Brophy’s initial diagnosis occurred in 2016 in Iowa, while he was a pediatric leader at University of Iowa. After aggressive treatment there, he had a period of remission and during that time was recruited to the University of Rochester as the William H. Eilinger Professor and Chair of the Department of Pediatrics. Within a year of moving to upstate New York, though, his cancer returned — but being in Rochester allowed him to receive care from a world-renowned lymphoma specialist, Jonathan Friedberg, M.D., M.M.Sc., Wilmot’s director.

“Cosmic debris got me to Rochester,” Brophy says. “Had I not been here, I wouldn’t have had the opportunity for this treatment. Now I’m able to take a step back and understand that the science is remarkable and the leadership team here is amazing.”

During his CAR T-cell therapy, Brophy’s immune system went into extreme overdrive and he became so ill that it was “touch and go” for many days, he says.

The CAR T cells were infused on Oct. 1, 2018, and the next day his temperature soared to 105 degrees. By day four he was really struggling with confusion — “and suddenly, in the hospital room while talking to my wife, I just blanked.” He slipped into a coma due to the treatment’s toxic impact on the brain and he doesn’t remember a thing until he woke up two weeks later in the intensive care unit at UR Medicine’s Strong Memorial Hospital.

“I was awake but I couldn’t move my arms or legs,” he recalls. “My kidneys had shut down, too, and I was put on dialysis. When I was being intubated in the ICU, apparently, I bit down so hard on the bite block that I lost my front teeth. And because I couldn’t move for so long, I lost muscle mass and 70 pounds. It was quite hard on my wife and my family.”

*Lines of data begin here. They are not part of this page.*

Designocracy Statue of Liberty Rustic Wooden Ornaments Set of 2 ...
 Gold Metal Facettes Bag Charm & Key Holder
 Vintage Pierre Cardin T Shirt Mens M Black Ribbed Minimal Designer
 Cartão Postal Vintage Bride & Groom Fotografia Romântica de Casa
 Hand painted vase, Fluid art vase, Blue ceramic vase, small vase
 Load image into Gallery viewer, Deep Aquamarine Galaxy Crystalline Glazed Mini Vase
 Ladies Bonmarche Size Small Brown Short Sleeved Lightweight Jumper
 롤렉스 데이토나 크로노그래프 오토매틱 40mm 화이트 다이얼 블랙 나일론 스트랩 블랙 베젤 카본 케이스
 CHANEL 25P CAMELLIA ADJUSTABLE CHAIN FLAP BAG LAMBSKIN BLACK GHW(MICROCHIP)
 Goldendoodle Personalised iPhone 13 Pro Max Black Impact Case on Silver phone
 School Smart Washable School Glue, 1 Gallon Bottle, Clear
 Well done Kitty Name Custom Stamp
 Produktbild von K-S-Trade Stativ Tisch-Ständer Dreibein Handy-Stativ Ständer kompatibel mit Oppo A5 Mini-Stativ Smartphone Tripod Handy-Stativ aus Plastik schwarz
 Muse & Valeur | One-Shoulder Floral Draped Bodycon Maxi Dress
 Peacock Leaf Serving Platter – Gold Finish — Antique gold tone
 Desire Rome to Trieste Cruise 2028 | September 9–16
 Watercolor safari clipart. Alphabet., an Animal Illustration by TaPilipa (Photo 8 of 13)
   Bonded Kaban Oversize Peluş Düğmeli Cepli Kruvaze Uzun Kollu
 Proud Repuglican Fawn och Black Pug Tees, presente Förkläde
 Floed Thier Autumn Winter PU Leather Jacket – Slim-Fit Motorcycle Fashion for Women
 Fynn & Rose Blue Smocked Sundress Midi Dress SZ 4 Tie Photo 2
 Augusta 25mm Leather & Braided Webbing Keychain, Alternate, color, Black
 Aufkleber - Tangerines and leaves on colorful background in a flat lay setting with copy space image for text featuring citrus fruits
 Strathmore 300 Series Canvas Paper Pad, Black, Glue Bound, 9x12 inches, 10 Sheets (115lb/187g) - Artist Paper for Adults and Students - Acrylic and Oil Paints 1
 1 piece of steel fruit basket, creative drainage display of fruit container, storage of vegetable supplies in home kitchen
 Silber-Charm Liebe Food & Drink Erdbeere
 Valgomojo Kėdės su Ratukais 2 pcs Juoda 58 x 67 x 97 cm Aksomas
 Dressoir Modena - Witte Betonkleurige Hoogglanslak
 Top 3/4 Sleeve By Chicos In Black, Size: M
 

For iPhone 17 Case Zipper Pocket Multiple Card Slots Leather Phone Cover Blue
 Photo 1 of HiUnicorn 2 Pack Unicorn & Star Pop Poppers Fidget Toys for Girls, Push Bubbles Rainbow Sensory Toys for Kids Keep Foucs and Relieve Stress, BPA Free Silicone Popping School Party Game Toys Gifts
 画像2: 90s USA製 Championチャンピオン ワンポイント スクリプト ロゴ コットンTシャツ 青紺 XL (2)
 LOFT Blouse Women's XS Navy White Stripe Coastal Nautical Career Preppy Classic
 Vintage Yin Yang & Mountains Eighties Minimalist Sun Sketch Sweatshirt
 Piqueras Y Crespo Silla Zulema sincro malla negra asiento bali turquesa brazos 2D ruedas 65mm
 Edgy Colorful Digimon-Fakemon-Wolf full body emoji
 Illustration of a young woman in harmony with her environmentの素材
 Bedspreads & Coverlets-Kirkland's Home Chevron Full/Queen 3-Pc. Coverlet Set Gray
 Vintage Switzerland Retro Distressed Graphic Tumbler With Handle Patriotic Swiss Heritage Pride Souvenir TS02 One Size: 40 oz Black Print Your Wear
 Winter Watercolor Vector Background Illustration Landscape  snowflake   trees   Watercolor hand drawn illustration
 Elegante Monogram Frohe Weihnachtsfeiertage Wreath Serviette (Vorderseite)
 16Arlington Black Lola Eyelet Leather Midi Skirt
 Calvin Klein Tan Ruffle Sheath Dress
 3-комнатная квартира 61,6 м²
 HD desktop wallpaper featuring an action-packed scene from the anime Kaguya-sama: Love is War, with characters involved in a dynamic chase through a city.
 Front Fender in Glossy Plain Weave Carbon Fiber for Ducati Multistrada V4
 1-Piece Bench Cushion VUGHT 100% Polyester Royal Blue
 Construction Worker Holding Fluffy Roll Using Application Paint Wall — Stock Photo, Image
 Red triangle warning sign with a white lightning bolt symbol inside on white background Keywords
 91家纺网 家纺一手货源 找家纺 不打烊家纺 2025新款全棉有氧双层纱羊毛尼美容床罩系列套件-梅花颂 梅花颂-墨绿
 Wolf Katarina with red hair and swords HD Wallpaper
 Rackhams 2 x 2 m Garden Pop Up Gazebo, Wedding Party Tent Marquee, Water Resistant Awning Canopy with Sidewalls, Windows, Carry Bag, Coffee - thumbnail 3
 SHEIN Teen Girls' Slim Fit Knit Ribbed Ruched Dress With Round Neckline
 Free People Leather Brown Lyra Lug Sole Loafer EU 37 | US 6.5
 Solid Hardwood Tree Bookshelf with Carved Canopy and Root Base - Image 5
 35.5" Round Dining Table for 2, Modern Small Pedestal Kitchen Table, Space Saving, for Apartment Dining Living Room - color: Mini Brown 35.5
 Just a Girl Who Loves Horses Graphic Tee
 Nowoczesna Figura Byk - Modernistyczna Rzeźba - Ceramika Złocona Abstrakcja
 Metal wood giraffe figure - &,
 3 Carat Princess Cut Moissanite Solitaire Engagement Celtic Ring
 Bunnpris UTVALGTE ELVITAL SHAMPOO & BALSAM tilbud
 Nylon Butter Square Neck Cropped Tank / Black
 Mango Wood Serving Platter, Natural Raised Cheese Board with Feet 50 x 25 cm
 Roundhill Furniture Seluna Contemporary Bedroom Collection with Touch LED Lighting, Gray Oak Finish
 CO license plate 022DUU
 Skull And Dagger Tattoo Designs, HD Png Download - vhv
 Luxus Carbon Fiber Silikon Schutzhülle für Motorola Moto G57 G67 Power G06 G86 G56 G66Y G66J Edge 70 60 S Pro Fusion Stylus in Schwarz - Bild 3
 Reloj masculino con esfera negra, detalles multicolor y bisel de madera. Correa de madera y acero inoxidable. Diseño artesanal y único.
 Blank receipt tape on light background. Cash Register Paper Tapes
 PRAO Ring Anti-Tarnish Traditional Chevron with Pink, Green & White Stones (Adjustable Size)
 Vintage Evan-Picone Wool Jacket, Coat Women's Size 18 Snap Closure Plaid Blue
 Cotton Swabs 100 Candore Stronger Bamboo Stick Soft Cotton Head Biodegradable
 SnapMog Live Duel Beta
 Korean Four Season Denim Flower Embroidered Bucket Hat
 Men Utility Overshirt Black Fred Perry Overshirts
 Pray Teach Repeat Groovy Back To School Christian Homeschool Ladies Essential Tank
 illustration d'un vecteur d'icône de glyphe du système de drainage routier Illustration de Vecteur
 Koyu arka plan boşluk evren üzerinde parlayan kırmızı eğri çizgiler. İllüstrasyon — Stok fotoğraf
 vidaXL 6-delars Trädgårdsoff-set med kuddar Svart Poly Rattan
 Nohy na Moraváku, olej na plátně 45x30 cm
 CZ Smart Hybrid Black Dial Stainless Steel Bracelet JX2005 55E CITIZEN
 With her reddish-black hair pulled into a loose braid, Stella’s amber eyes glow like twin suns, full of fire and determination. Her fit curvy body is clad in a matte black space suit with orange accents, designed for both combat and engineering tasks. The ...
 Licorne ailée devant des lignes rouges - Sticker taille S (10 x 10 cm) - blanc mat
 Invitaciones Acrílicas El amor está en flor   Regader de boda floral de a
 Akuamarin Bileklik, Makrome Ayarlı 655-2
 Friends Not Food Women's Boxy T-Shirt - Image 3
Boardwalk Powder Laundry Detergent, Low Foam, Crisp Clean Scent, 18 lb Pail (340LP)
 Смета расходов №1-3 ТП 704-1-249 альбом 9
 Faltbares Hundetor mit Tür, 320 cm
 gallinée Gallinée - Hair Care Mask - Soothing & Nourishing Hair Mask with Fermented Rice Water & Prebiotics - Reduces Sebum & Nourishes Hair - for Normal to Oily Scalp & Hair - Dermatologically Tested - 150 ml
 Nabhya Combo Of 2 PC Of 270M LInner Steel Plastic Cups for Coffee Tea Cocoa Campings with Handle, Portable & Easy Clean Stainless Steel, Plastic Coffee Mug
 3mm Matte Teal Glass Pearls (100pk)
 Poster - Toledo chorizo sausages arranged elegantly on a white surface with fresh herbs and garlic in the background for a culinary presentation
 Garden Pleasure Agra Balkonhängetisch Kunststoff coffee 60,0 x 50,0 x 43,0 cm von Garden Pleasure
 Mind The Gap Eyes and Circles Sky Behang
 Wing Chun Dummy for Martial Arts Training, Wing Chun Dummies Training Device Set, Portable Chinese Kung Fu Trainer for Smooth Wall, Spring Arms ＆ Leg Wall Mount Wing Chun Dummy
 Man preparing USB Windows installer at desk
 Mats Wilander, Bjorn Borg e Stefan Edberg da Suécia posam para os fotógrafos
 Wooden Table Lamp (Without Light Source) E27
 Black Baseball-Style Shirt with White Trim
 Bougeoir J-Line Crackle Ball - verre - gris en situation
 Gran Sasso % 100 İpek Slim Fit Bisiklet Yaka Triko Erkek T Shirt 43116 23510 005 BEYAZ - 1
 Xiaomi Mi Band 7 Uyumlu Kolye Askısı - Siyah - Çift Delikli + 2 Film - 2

In fact, Brophy was in the hospital for 56 days. He improved dramatically through hard work and rehabilitation, and was able to come home for Christmas of 2018.

He has remained stable ever since, and keeps himself busy at work and active outside with golfing, hiking, skiing and skating — and hanging out with his two young-adult sons.

“You have to have belief in something, that there is a future,” Brophy says. “You can’t change what’s going on but you can get lost real quick without hope.”

“In my job I see a lot of bad things — like when families lose kids — and I watch how it never goes away and how they power through life,” he adds. “This has made me think: What do I value? It’s an old adage but it’s really about family and friends. Being there and being present. That’s something I’m focused on a lot more.”